If you have picked up a health and fitness magazine in the last three to five years then chances are you have read an article detailing high intensity interval training. Probably more specifically detailing how well it works for accelerating fat-loss. But for some reason a lot of people are continuing to hang on to their old routines of 30 minute walk on the treadmill at the same 3 mph. Time and time again both research and anecdotal evidence has proven that high intensity exercise tends to be better suited for fat loss versus other lower intensity modalities. And here is another one of those examples! Of course this study was looking specifically at adolescent girls, but still it useful implications for other populations.


Effects of High vs. Moderate Exercise Intensity During Interval Training on Lipids and Adiponectin Levels in Obese Young Females

by Racil, Ounis, Hammouda, Kallel, Zouhal, Chamari, and Amri

published 2013 in the European Journal of Applied Physiology


Obesity is correlated with development of chronic diseases that include metabolic syndrome, type 2 diabetes, cardiovascular disease, and cancer. Clinicians use a number of markers to monitor the development of such diseases such as blood sugar, blood serum cholesterol, triglycerides, and insulin resistance. But levels of adiponectin, which is a protein released by adipose tissue, are inversely proportional to obesity and insulin resistance.

The effects of exercise and physical activity on adiponectin has not been established. Previous research has supported that high intensity interval training may be beneficial for fighting obesity and may be associated with improvements in cardiovascular health and other parameters then when compared to low or moderate exercise.

Researchers desire was to explore the effects of a 12 week high intensity interval training program on plasma lipids, body composition, and adiponectin levels in obese adolescent girls.


34 obese Tunisian girls were recruited and assigned them to either a high intensity exercise group, a moderate intensity exercise group, or a non exercising control group.

The high intensity exercise program comprised running intervals at 100 to 110 percent of maximum aerobic speed. The moderate intensity interval training program comprised running intervals at 70 to 80 percent of maximum aerobic speed. Both of these groups performed their training programs 3 times per week on non consecutive days over the 12 weeks. All intervals were performed with active recovery and on an outside 200 meter track. Each interval comprised 30 seconds of work with 30 seconds of rest. These sessions were always supervised.

Researchers then measured anthropometric measures, VO2 max, maximal aerobic speed, and peak heart rate before and after the 12 week intervention.

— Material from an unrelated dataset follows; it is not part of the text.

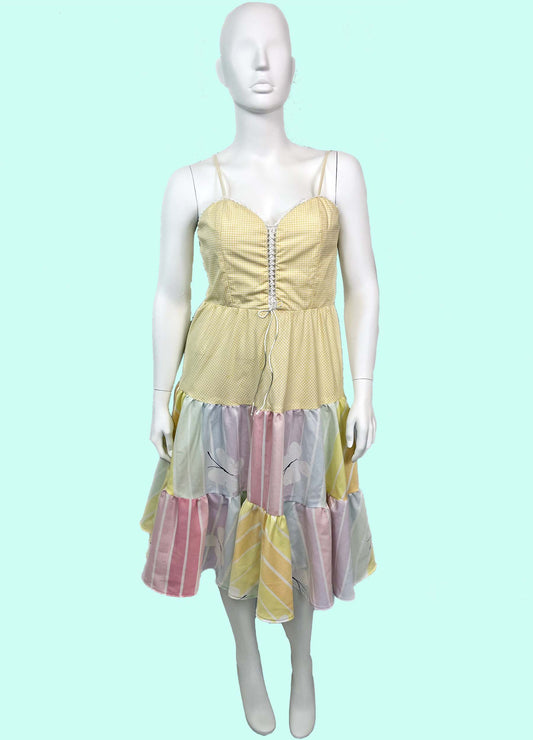 Picnic Sundress w/ Tiered Skirt (Size M)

Researchers reported that both training groups reduced body mass and body fat percentage significantly during the 12 week intervention, but the control group showed no change. Researchers note that the high intensity interval training group significantly reduced waist circumferences. Researchers reported that both VO2 max  and minimum aerobic speed improved in the training groups, but improved greater in the high intensity interval training group.

Researchers reported that significant improvements occurred in the high intensity interval training group for total cholesterol, triglycerides, high density lipoprotein cholesterol, low density lipoprotein cholesterol, adiponectin, insulin and homoeostasis model assessment index for insulin resistance. High intensity group produced significant improvements across a wider range of health markers.


Researchers concluded by stating that high intensity interval training produced superior improvements in both measures of body composition, cardiovascular fitness, and health markers than a moderate intensity interval training program in obese girls. Due to this researchers suggest that high intensity interval training may therefore be a better approach for prevention of obesity in adolescents.


HIIT is better for fat-loss than lower intensity modalities. Again this isn't ground breaking, but another study to add in support of HIIT for fat-loss. The evidence just keeps stacking up!